# [EXERCISE DESCRIPTION]
The answer must reproduce the listing exactly, with every picture left out.

# [RAW DATA]
-------------------------
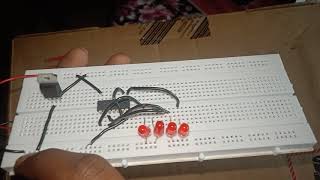 Gray code to binary code converter,with the help of bread board
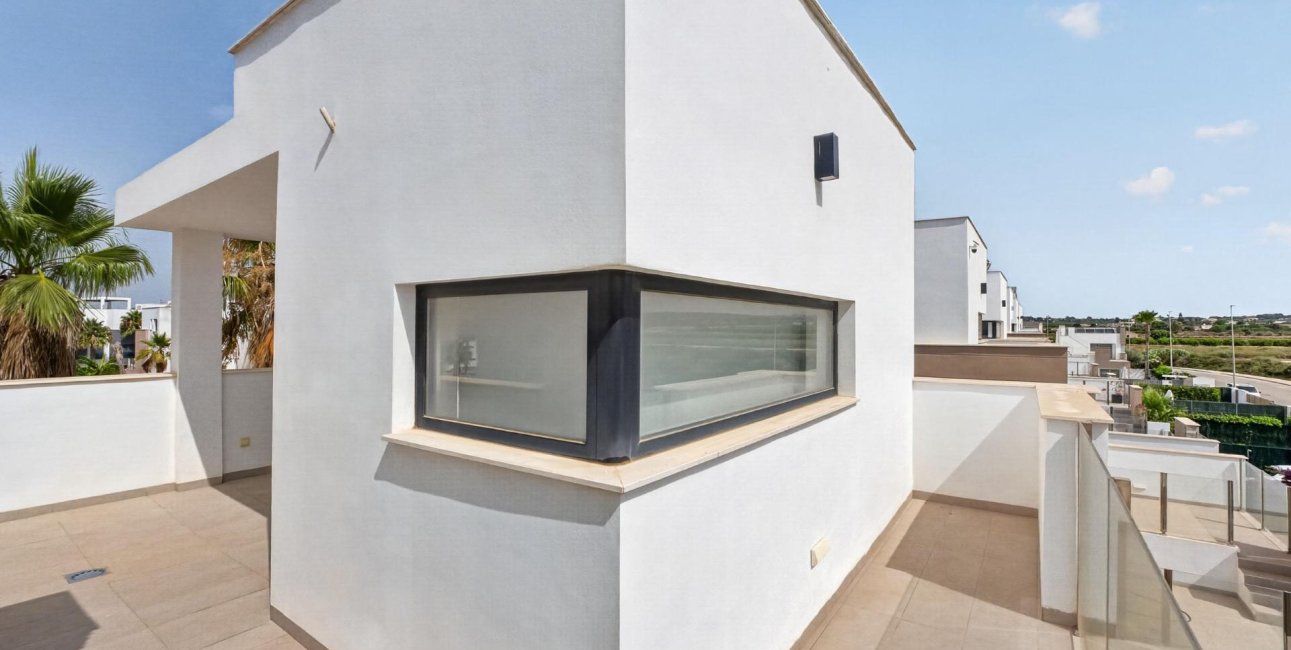 Resale - Villa -
Guardamar del Segura - El Raso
-------------------------
# [ANSWER FOR THIS EXERCISE]
 Gray code to binary code converter,with the help of bread board
 Resale - Villa -
Guardamar del Segura - El Raso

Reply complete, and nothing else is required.